→ **DATA RECORDS**

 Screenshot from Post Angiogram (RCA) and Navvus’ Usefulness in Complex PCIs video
---
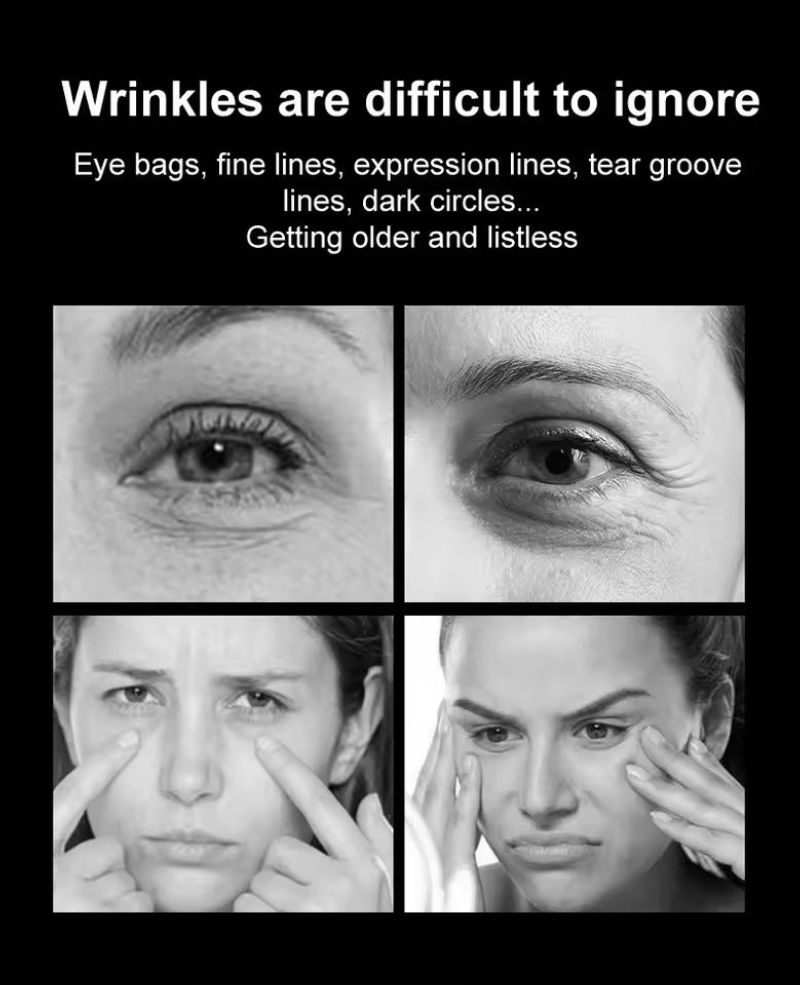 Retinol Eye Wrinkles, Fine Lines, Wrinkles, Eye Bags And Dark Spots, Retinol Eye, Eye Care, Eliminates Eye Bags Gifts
--
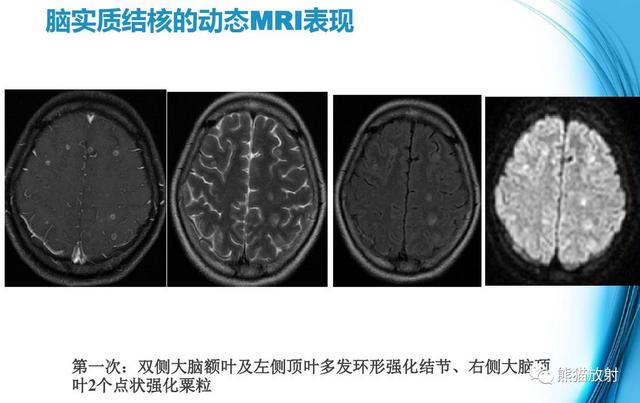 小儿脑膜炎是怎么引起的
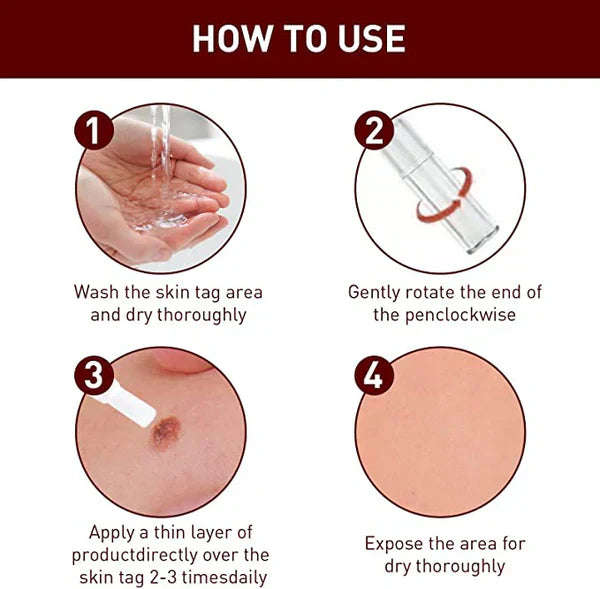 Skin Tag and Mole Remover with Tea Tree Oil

→ **EXERCISE AIM**
Your reply should consist solely of the lines above from the line containing "小儿脑膜炎是怎么引起的" up to and including the line containing "Skin Tag and Mole Remover with Tea Tree Oil", reproduced exactly, minus the pictures.

→ **REPLY TO THE TASK**
 小儿脑膜炎是怎么引起的
 Skin Tag and Mole Remover with Tea Tree Oil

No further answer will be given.